Do you think of yourself as intuitive? Do you wonder why your intuition does not serve you better? Shouldn’t it make your life easier? Shouldn’t it help you figure out the path you are supposed to walk on? In her widely acclaimed book The Highly Sensitive Person, Elaine Aron talks about intuition in a way that answers all these questions. Generally, being highly intuitive is thought to be a gift, a trait that can help us make better choices.
Aron flips this commonly-held notion on its head. She says that highly intuitive people are, in fact, likely to falter when trying to uncover and discover their vocation. Why is this so? One of the main reasons is that being highly intuitive also means that we are hyper-aware of our inner voices speaking of countless possibilities. Deciding which of these voices to follow is very difficult.
Aron says that our inner dialogue goes something like this: “Yes, it would be desirable just to serve others, thinking little of my material gain. But that rules out a lifestyle with time to pursue the finer things in life. And both exclude the actualizing of my artistic gifts. And I have always admired the quiet life, centred in family. Or should I be centred in the spiritual? But that is so up in the air when I admire a life close to the earth.”
So, on and on these voices go, echoing the far reaches of our soul, speaking for all the people we might possibly become. Aron says: “If you’re flooded with such voices, you will probably have trouble with decisions of all sorts; very intuitive people usually do.” So, how can we resolve this tension, these threads pulling apart and never letting us weave our lives into a whole?

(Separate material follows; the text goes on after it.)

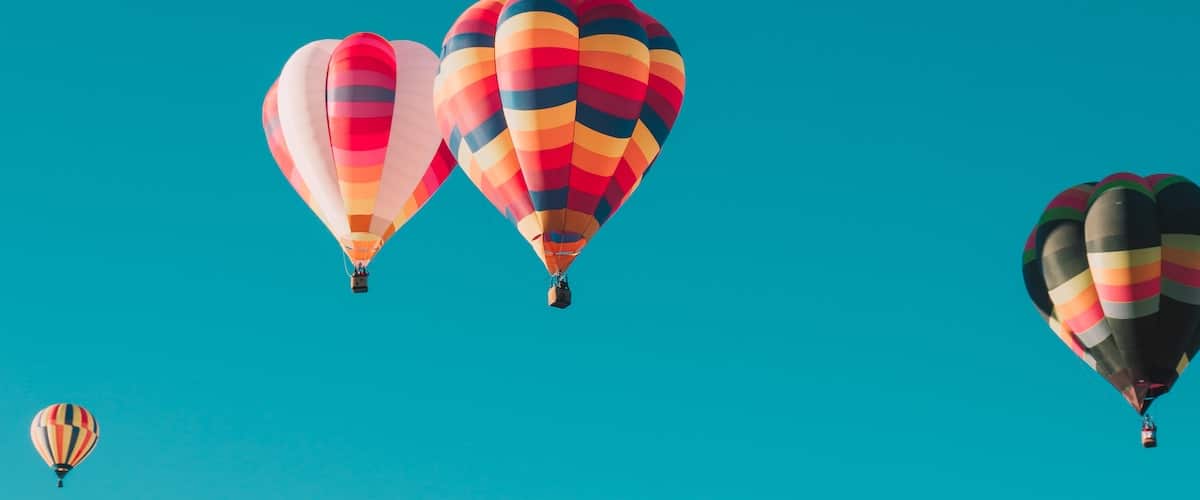 ian-dooley-hpTH5b6mo2s-unsplash colourful hot air balloons in the blue sky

Elaine Aron advocates pulling in the opposite direction by deliberately engaging our rational side. She asks us to pare down our never-ending list of options to two or three after evaluating the pros and cons of each choice. This approach makes us whole – it helps us bring into fruition some of the possibilities that are dormant within us. It also forces us into maturing and accepting that in one life, we can be anything we choose to be, but not everything.